Le Schtroumpfissime

   L’appropriation par les militants d’AF de la culture de la bande dessinée dans la période contemporaine témoigne de la vitalité et des capacités de renouvellement de notre mouvement. Les détournements des aventures du Concombre masqué de Mandryka ou de la Marque jaune, célèbre album de la série Blake et Mortimer, ont marqué les publications de la « Génération Maurras » des années 90 (Le Feu Follet, Insurrection). Autre inspiration importante pour les jeunes maurrassiens : la lecture du Sceptre d’Ottokar  d’Hergé où Tintin vole au secours du roi de Syldavie, symbole de la résistance d’une autorité monarchique éclairée et bienfaisante à la montée des régimes totalitaires. Mais le plus important des albums de bande dessinée pour la jeunesse d’AF est sans doute Le Schtroumpfissime de Peyo dont une réédition savamment commentée par Hugues Dayez vient de paraître chez Dupuis.
   Il s’agit de la première longue aventure en quarante planches des Schtroumpfs, parue en 1964 dans Le Journal de Spirou.

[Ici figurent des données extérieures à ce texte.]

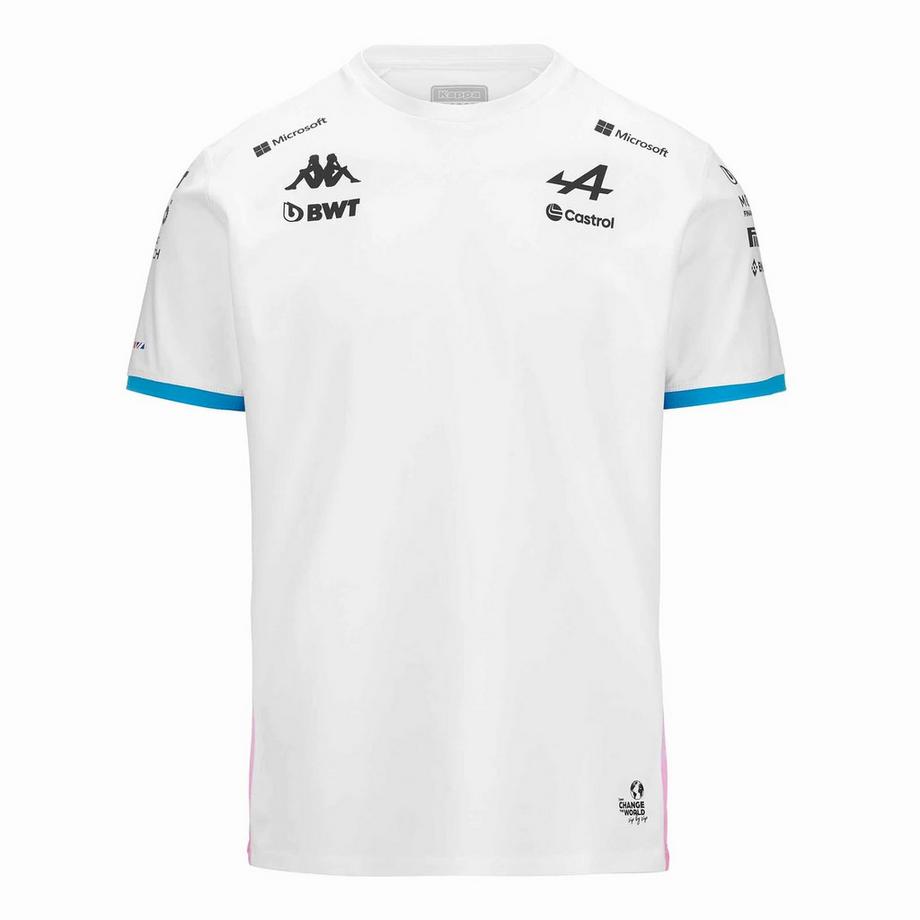 Kappa Alpine F1 Adiry 2024 T-Shirt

Jusque-là les petits hommes bleus n’avaient inspiré à leur auteur que des mini-récits et deux histoires en vingt planches. L’argument est simple : le Grand Schtroumpf quitte le village pour partir en quête d’un ingrédient pour ses préparations alchimiques. Pendant son absence le peuple Schtroumpf veut se choisir un chef provisoire et la lutte de tous contre tous s’engage. Il en résulte une anarchie complète. Finalement, un Schtroumpf plus malin que les autres propose d’élire le remplaçant du Grand Schtroumpf et, en se livrant à la démagogie la plus effrénée (promettant tout à tous), il réussit à se faire élire. Une fois élu, le Schtroumpf “président” se proclame Schtroumpfissime et s’entoure d’un apparat digne de l’empereur Bokassa ! Il finit par instaurer une tyrannie inouïe à laquelle une conjuration de la moitié du village et surtout le retour du Grand Schtroumpf pourront mettre heureusement un terme à la fin de l’album.

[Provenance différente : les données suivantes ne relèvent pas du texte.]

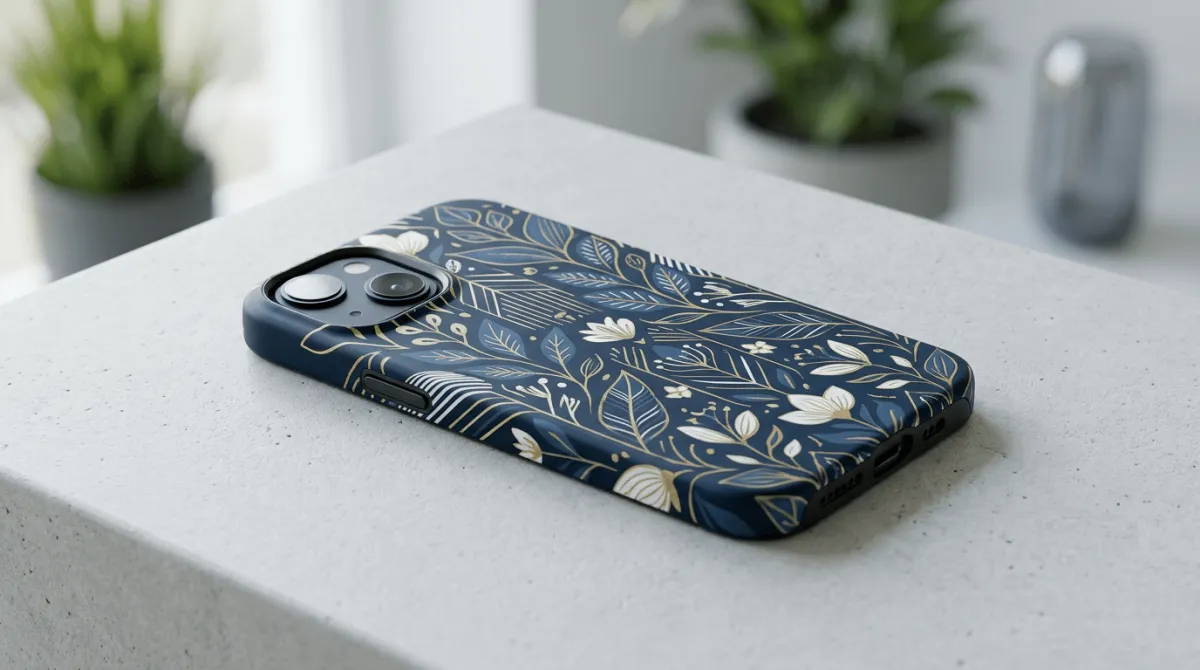 Hardcase iPhone 13 custom dengan desain premium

   L’art avec lequel Peyo ridiculise la campagne électorale du futur Schtroumpfissime fait immédiatement penser à la satire des démagogues de la démocratie athénienne proposée par Aristophane dans Les Cavaliers. Le processus qui conduit directement la démocratie à la tyrannie n’est pas sans rappeler aussi le livre VIII de la République de Platon, les exemples historiques de César, Napoléon ou Hitler, ainsi que la leçon politique offerte par Maurras dans De Démos à César. La distinction assez guénonienne entre la nature du pouvoir du Schtroumpfissime, fondée sur la séduction des masses, et celle de l’autorité du Grand Schtroumpf, sorte de roi-prêtre, magicien, alchimiste, dont la légitimité échappe totalement à l’opinion, manifeste enfin avec éclat ce qui distingue un pouvoir tyrannique moderne d’une monarchie traditionnelle. Bien sûr, l’album n’est pas seulement un conte philosophique et sa dimension comique fait beaucoup pour rendre la leçon agréable, à la manière des Fables de La Fontaine.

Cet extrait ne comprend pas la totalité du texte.